Thinking of the anomalies gave Norman a headache, but he ploughed on, extending the area of his inquiries until the research department sent back a furious memo demanding whatinole connection events in the first year of the Muslim calendar could have with a twenty-first-century business venture.

Norman felt obscurely that if he could answer that he wouldn’t be so baffled by this hole-in-corner country.

However, the Research Dept was quite right—it was pointless to dig that far back because the records didn’t exist. There were hardly even any archaeological remains. Digging up the past was an expensive luxury in Beninian terms.

Norman sighed, and went back for yet another review of what he had learned.

*   *   *

“Happy is the country that has no history”—and for a long time the area later called Beninia qualified. Its first impact on the world scene occurred during the heyday of internal African slave-trading, when Arab pressure from the north drove the Holaini—a sub-branch of the Berbers, of Muslim faith and Hamitic race—past Timbuktu toward the Bight of Benin. There they came across an enclave of Shinka, hemmed in on one side by Mandingo and on the other by Yoruba.
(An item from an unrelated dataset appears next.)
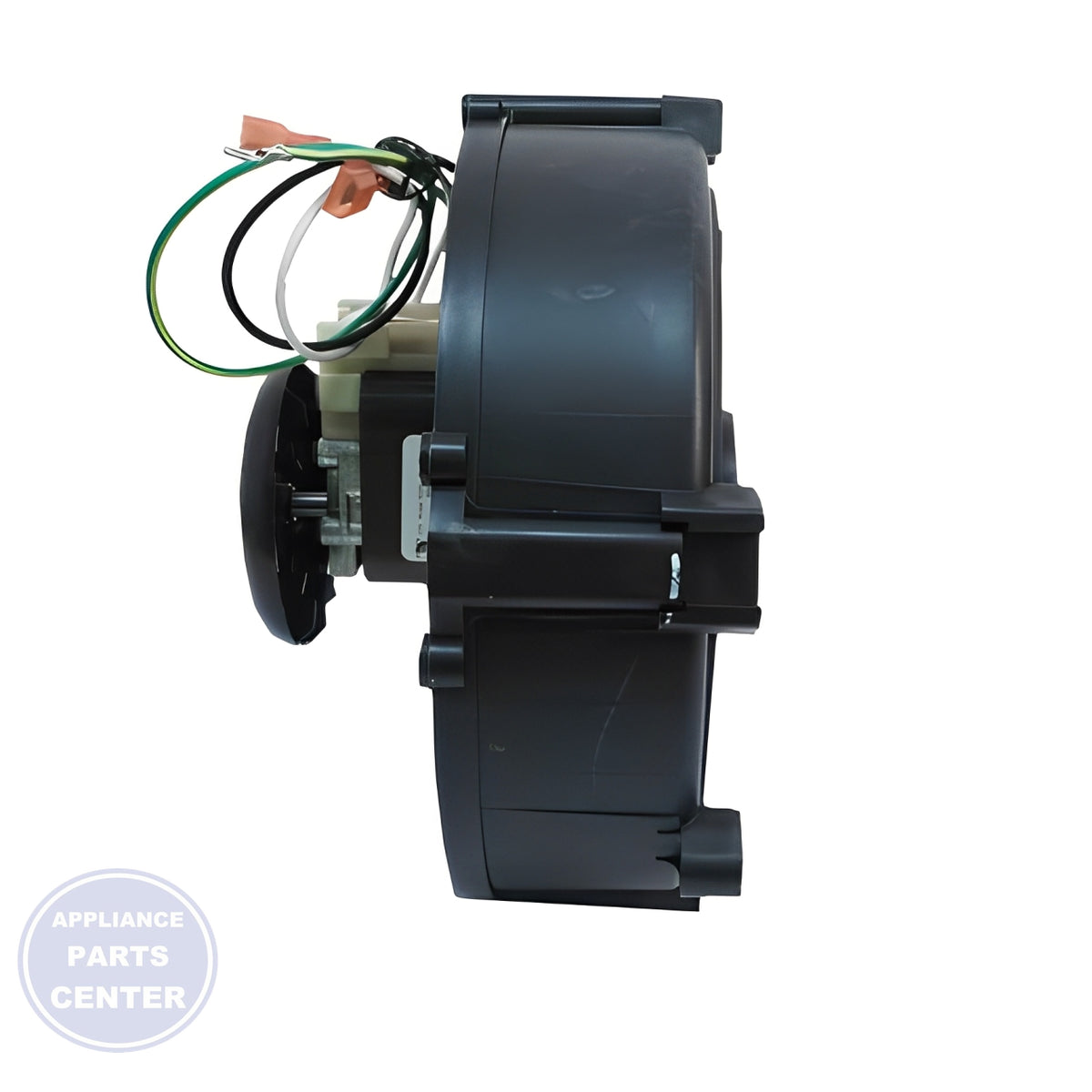 PACKARD BLOWER DRAFT INDUCER 66071 - Detailed view of 3000 RPM blower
These neighbours were accustomed to leaving the Shinka strictly alone, claiming that they were powerful magicians and could steal the heart out of a valiant fighting man. The Holaini scoffed; as good Muslims they discounted the idea of witchcraft, and certainly the unaggressive, welcoming Shinka—whom even the idea of slavery did not seem to arouse to anger—offered no obvious threat.

With the full intention of ranching the Shinka, cattle-fashion, as a constant source of slaves, the Holaini installed themselves as the new masters of the area. But, as though by the magic neighbouring tribes had described, the venture crumbled. After twenty years, no more slave-caravans were formed. The Holaini gradually became absorbed into the base population, leading a quiet rural existence, until by the twentieth century only their dialect and such physical traces as the “northern nose” and breadth of forehead remained to testify to their independent identity.
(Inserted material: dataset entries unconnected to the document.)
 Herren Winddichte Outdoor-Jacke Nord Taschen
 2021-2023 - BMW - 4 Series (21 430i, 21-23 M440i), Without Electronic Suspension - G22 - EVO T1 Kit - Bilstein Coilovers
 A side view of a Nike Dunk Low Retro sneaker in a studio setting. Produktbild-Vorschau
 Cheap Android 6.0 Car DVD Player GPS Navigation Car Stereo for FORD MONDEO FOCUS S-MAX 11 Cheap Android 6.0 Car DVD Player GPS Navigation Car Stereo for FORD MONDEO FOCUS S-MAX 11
Superstition—perhaps—accounted for the subsequent unwillingness of the dealers who supplied the European slave-ship captains to tangle with the Shinka. They excused themselves on the specious ground that Shinkas made bad slaves, or that they were sickly, or that they were under the special protection of Shaitan. One or two European-led raids apart, they remained largely unmolested until the age of colonial exploitation.
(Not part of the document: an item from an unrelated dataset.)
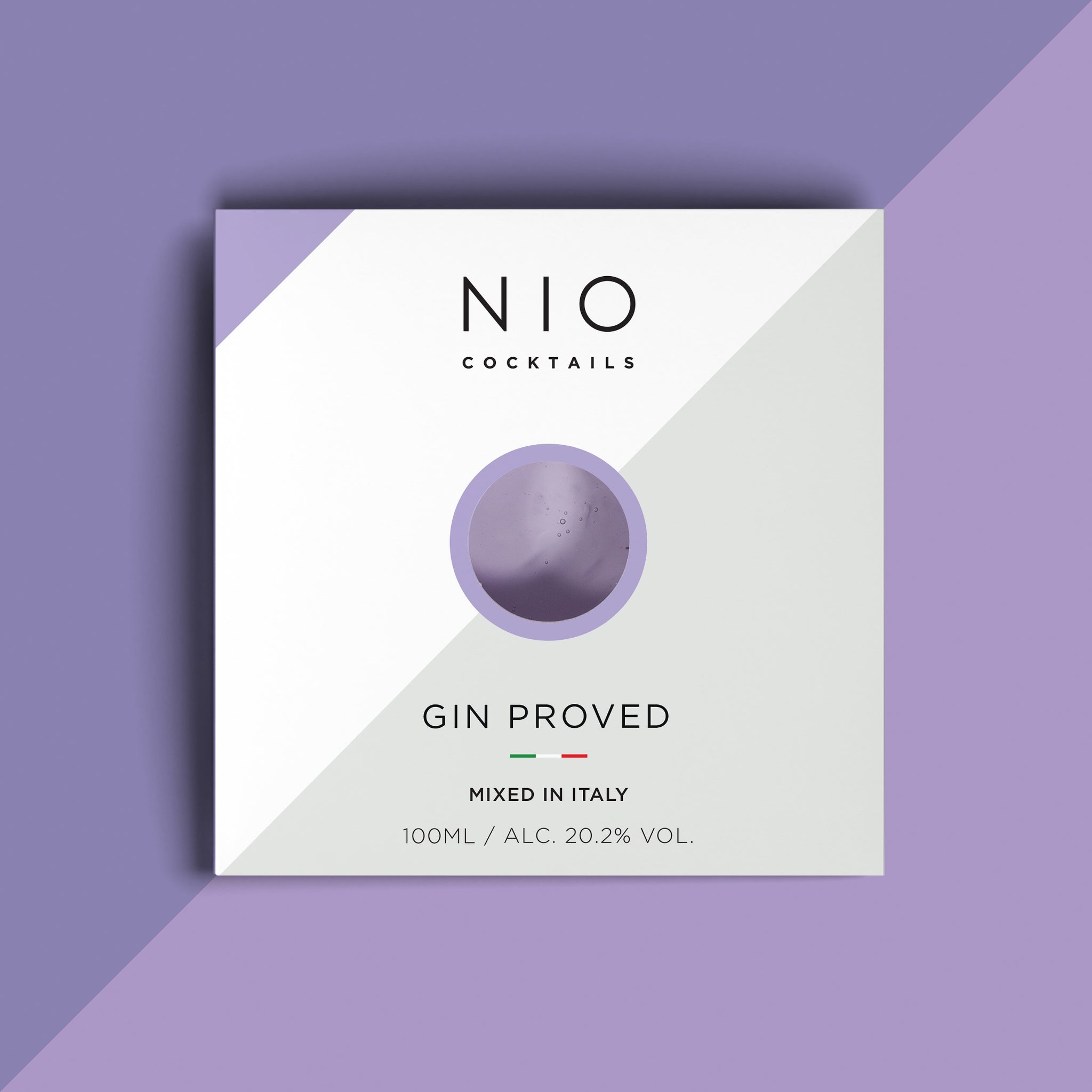 GIN PROVED COCKTAIL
When the carving was well under way, the British kicked out the Spanish, who had been maintaining a trading-station near the site of the modern Port Mey as an adjunct to their larger settlement on the nearby island of Fernando Po, and let the French in neighbouring Togo understand that Beninia was henceforth shadowed by the Union Jack.

And that, by and large, was that, apart from the legalistic regularisation of the situation into one analogous with Nigeria, the setting up of a “British Crown Colony and Protectorate”.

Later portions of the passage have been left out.